Quoting: WhatsaMaattaWithYou
I agree and to think the 1st w Marleau has set the new standard to what it will cost to dump salary. If VAN were giving up a 1st, they should have went after a different player and since TB needed cap relief, VAN could have used that to their advantage. Imagine what PIT has to give up to remove themselves from Johnson, Gubransson, Hornqvist and Bjugstad. I don't see how teams can continue to be contenders on a yearly basis by paying mid tier players and bottom 6 players monies that should given to your top 2 starting lines. Since when should a 20 goal scorer be paid almost 7m per year? It's insane.
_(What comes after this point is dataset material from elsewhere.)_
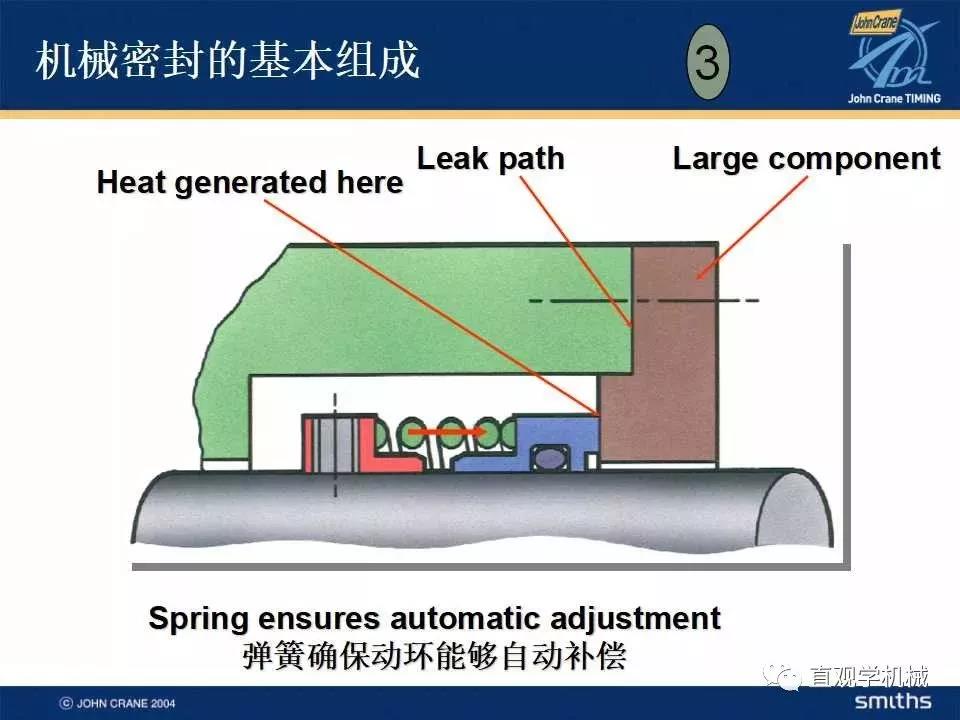 机械密封知识培训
Contracts should be performance based and bonuses paid should not reflect negatively towards the cap. The cap structure should allow a premium payment for players who have expired their RFA status and players entering and in their athletic primes. Once a player hits 31yrs of age, a new structure should be set to recognize the start of regression in performance and decline in abilities. By the time a players' "premium contract" has expired, said player should be financially secure enough to be able to live, save, etc. on the "regression contract". I'm not saying to pay an older player RFA money, but no way should they be making upwards of 10% of a teams total cap hit. There could be a clause set in, that if a player, once they hit 31 and has 2 or 3 years of declining numbers in a season, injuries exempt, their contract would be reworked to fit within a certain parameter. An example, if a player makes a base salary of 8m per year, played all 82 games and only put up 40 points when they used to average 70+ points in their prime years, they would get a base salary of 4m with performance bonuses. Spezza, Seabrook, Lucic, Ryan, Kesler, Erickson and even Toews to an extent, are all decent examples of bad contracts and payments on past performances. Paying certain players, especially role players based on past performance is bad business. Paying the "Stanley Cup Tax" on UFAs from most recent championships is also not wise. The CBA and NHL need to find a middle ground on how to handle the cap situation. Soon, players who deserve to be in the NHL won't be able to because they will price themselves out of the league and teams will consist of 2 solid lines of quality players and the bottom pairings will be nothing but sub-par players, RFAs and undrafted players.
Great analysis. You make a very good point, but so many teams are in the win now mode that they will jump at signing UFA if a GM thinks it put the team into the playoffs.
Just for fun, click on Okposo, then compare his current contract. Look at top 3 comparable: Lucic, Milan, Turris, Kyle and Horton, Nathan. While some do very well, Tavares and JVR come to mind, there are too many who do not.
I hope Betterall does not sign a big name UFA and continues to follow the steady progress path of trading with teams who want to deal (I.e. Anaheim and Carolina, Montour and Skinner).
It is too bad that the Sabres could not pick up Haula. He has a low cap, decent past performance and only had to give up a 5th (conditional) and a "C" prospect. I just noticed, I said Haula instead of Stastny in my comment above. LOL. I am going to correct it now.
On the other hand, unless at least 3 of Thompson, Olofsson, Nylander, Pilut, Mittelstadt, Ruotsalainen or Cozens (not likely), can perform at top six or second pairing NHL caliper, we will be a lottery team again and miss the playoffs.